Harvard report on Minneapolis public safety to be released Tuesday

Harvard report on Minneapolis public safety to be released Tuesday

Harvard report on Minneapolis public safety to be released Tuesday

In May 2021, one year after the murder of George Floyd, the city of Minneapolis enlisted the help of Harvard University to come up with a comprehensive plan to transform public safety.

Dr. Antonio Oftelie, a native of Minneapolis, headed up the two-year-long study, and his report is expected to be released by Mayor Jacob Frey at a news conference Tuesday afternoon. In a summary of that report, there are five action items the city is encouraged to implement within the next 12 months.

The report recommends the city establish an executive leadership team and community advisory board, develop a multi-year implementation and financial plan, design a governance plan, set up policy and practice committees, and have a communications plan and progress dashboard.

Minneapolis City Council Member Elliott Payne is co-chair of the Health and Public Safety Committee.  Payne told 5 EYEWITNESS NEWS he is anxious to see the full report and start the work immediately.

“Nothing is a big deal until we decide to make it a big deal, whether that’s the [Minnesota Department of Human Rights] report, the [Department of Justice] report or Dr.

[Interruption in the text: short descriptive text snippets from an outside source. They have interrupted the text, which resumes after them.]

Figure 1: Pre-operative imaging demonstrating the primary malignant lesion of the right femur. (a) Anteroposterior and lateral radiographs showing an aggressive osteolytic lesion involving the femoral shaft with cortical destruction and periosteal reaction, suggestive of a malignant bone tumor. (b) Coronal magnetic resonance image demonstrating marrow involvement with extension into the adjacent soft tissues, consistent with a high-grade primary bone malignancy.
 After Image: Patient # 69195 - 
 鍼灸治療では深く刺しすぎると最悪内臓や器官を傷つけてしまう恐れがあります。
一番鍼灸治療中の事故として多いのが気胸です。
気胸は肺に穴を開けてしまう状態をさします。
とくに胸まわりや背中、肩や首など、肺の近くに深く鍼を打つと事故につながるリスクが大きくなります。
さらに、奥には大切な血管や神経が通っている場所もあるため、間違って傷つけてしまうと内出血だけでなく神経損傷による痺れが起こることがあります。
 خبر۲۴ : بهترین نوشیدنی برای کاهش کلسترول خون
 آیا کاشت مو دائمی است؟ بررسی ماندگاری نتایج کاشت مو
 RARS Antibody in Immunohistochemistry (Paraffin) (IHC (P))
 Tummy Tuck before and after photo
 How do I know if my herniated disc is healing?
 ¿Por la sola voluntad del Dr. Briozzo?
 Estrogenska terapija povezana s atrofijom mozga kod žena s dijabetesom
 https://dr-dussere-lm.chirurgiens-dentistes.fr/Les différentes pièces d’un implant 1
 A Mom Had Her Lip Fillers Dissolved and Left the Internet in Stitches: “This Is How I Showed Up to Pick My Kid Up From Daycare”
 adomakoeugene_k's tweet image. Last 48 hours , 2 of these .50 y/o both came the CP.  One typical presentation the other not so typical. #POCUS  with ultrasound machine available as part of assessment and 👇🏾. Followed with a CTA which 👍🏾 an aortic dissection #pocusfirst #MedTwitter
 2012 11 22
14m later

Oftelie’s Report,” Payne said. “It can either sit on a shelf and become dusty or take what it is saying with weight and sincerity and really make use of what’s being recommended to us.”

Payne said he hopes the report addresses alternative policing policies such as behavioral crisis response teams, 911 dispatcher training and violence interrupters.

“Because we already know that it’s OK to send an ambulance rather than a police car when somebody gets injured,” Payne said. “We know there are other ways that people are harmed in our community that would benefit from a response that’s not just the police.”

5 EYEWITNESS NEWS asked Mayor Jacob Frey’s office for an interview or comment on the Harvard report, but a spokesperson in his office declined to comment until Tuesday’s news conference.